## Exercise aim
Everything in the data must be repeated exactly, apart from the pictures, which are left out.

## Dataset extract
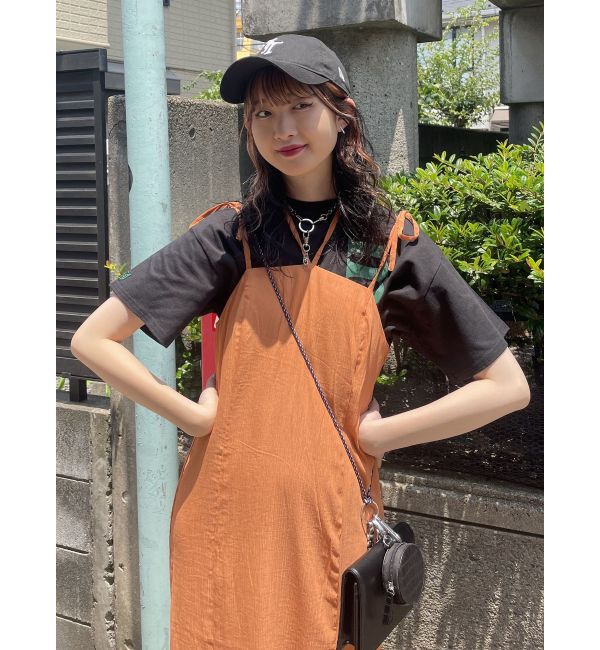 jouetie「ホルターネックキャミワンピース」|ワンピース|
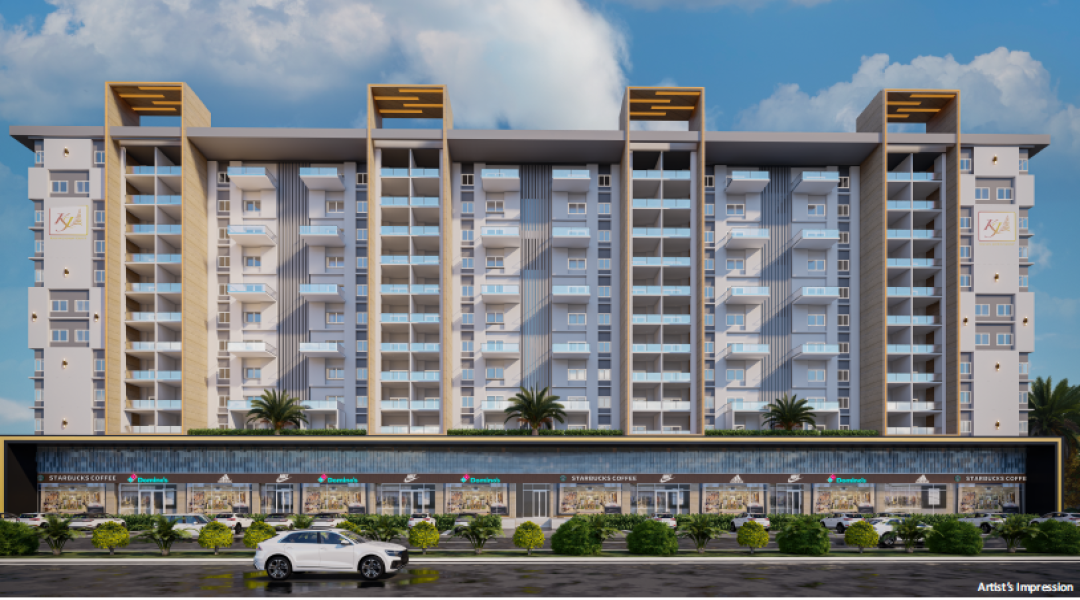 KJ Towers,Urit Nagar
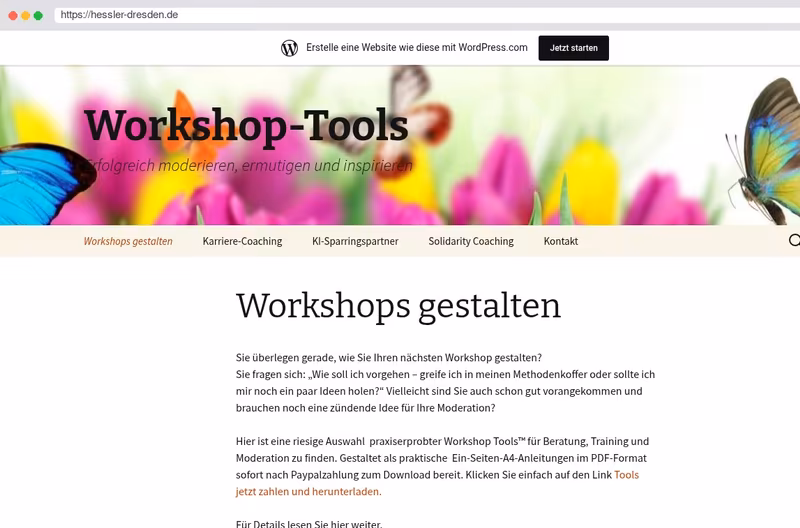 Homepage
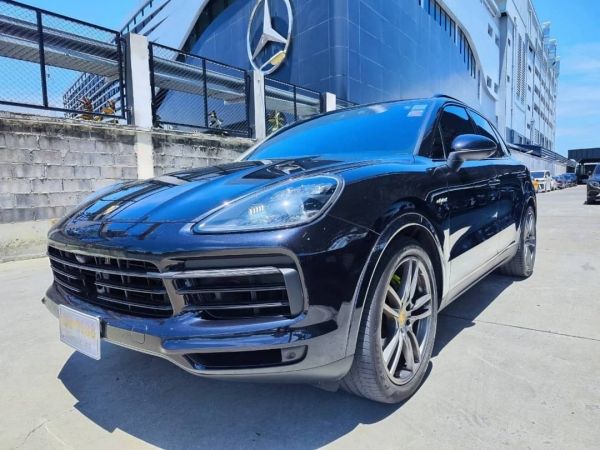 2019 PORSCHE CAYENNE E HYBRID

## Response
 jouetie「ホルターネックキャミワンピース」|ワンピース|
 KJ Towers,Urit Nagar
 Homepage
 2019 PORSCHE CAYENNE E HYBRID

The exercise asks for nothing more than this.